Sul mercato la sensazione è che i 30 dollari al barile siano ormai un livello destinato a non rivedersi in un prossimo futuro, tanto meno i 20 dollari a barile messi in preventivo a fine 2015 da Jeffrey Currie, responsabile dalla ricerca sulle materie prime di Goldman Sachs. Così sul Cme di Chicago al momento i future sul petrolio di tipo West Texas Intermediate oscillano tra i 45 dollari al barile che si pagano per acquistare un contratto per consegna ottobre e i 50,25 dollari per un contratto con consegna luglio 2017.

A dire la verità la volontà più evidente di trovare un accordo resta quella russa, dopo che già la scorsa settimana il presidente Vladimir Putin aveva auspicato che l’Opec stesso potesse raggiungere una intesa con Mosca, auspicio che ha fatto scattare voci di una possibile partecipazione della Russia alla prossima organizzazione del cartello che riunisce al momento 14 dei maggiori produttori petroliferi mondiali.

Della notizia hanno subito saputo approfittare sul listino di Milano i titoli Saipem (+1,36% a 41,7 centesimi per azione a fine giornata, dopo un massimo a 42,3 centesimi in mattinata), Eni (+0,8% a 13,83 euro, ma in giornata il titolo aveva sfiorato anche i 14 euro) e Tenaris (+0,81% a 12,43 euro, in questo caso dopo un massimo di 12,55 euro).
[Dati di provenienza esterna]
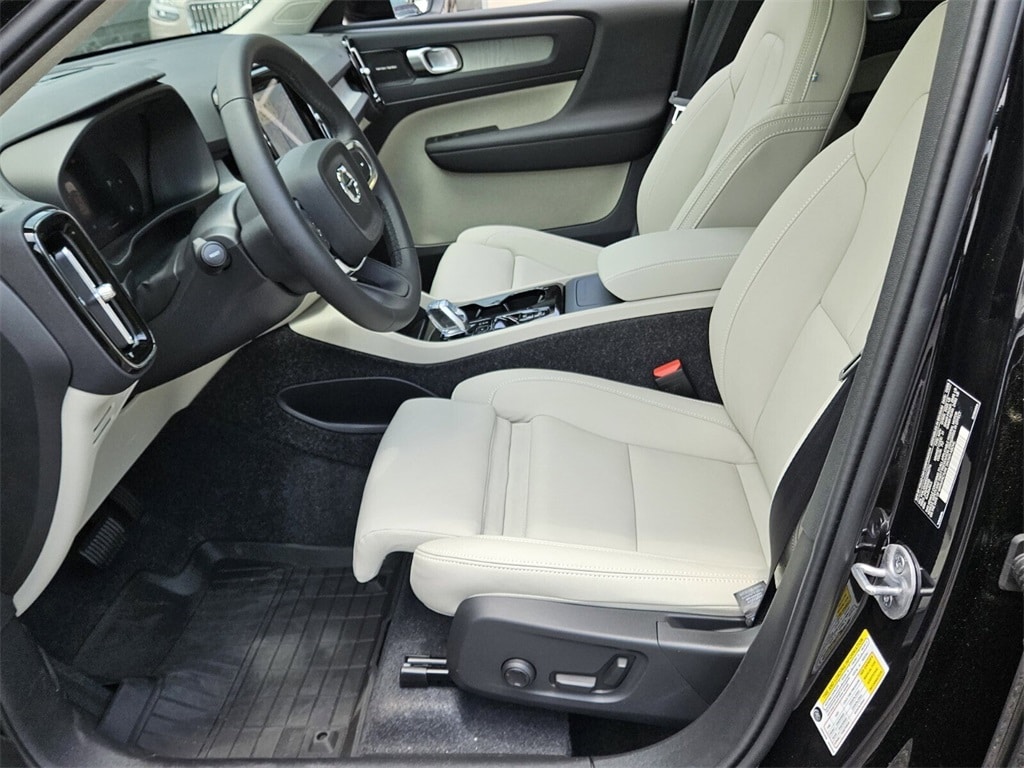 New 2025 Volvo XC40 B5 Ultra Dark Theme SUV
Il fatto che nel corso del pomeriggio siano scattate prese di profitto non è ritenuto eccessivamente significativo dai trader, che sottolineano come oggi manchino ordini in arrivo da Wall Street, chiusa per la festività del Labour Day.
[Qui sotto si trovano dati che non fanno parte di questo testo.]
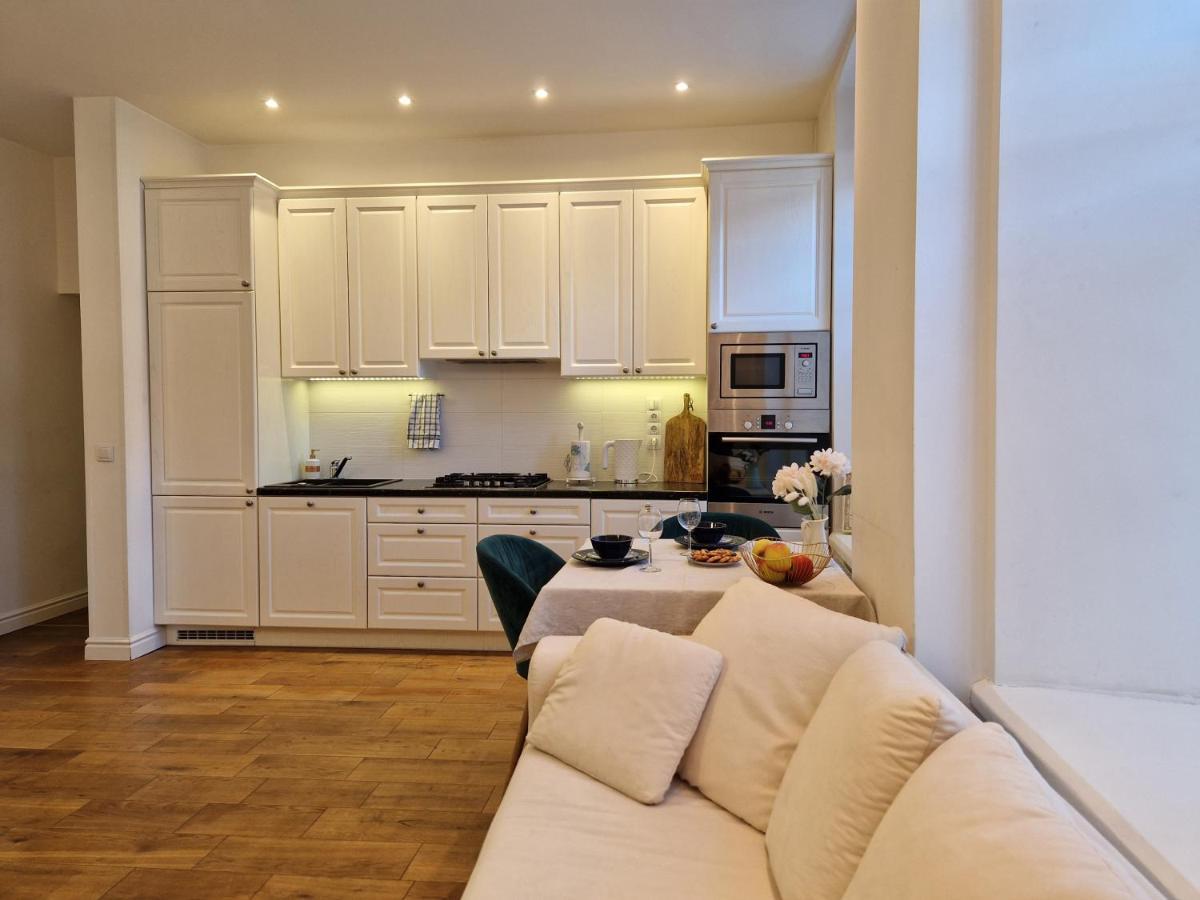 Lovely Apartment In Tallinn Old Town ภายนอก รูปภาพ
Mosca e Riad hanno anche fatto sapere di avere già programmato ulteriori incontri a settembre (in occasione del Forum internazionale dell’energia ad Algeri), ottobre (quando si riunirà un gruppo di lavoro bilaterale su gas e petrolio) e novembre (in occasione del summit dei ministri del petrolio dell’Opec a Vienna) e proprio in questi ulteriori incontri potrebbe venire definito un congelamento della produzione dei due paesi di cui per la verità si discute ormai da inizio anno senza che nulla sia accaduto. Anzi l’Arabia Saudita, che a febbraio era scesa appena sotto i 10 milioni di barili di petrolio prodotti nel mese, si è nel frattempo portata sopra quota 10,35 milioni, sui massimi di ogni tempo.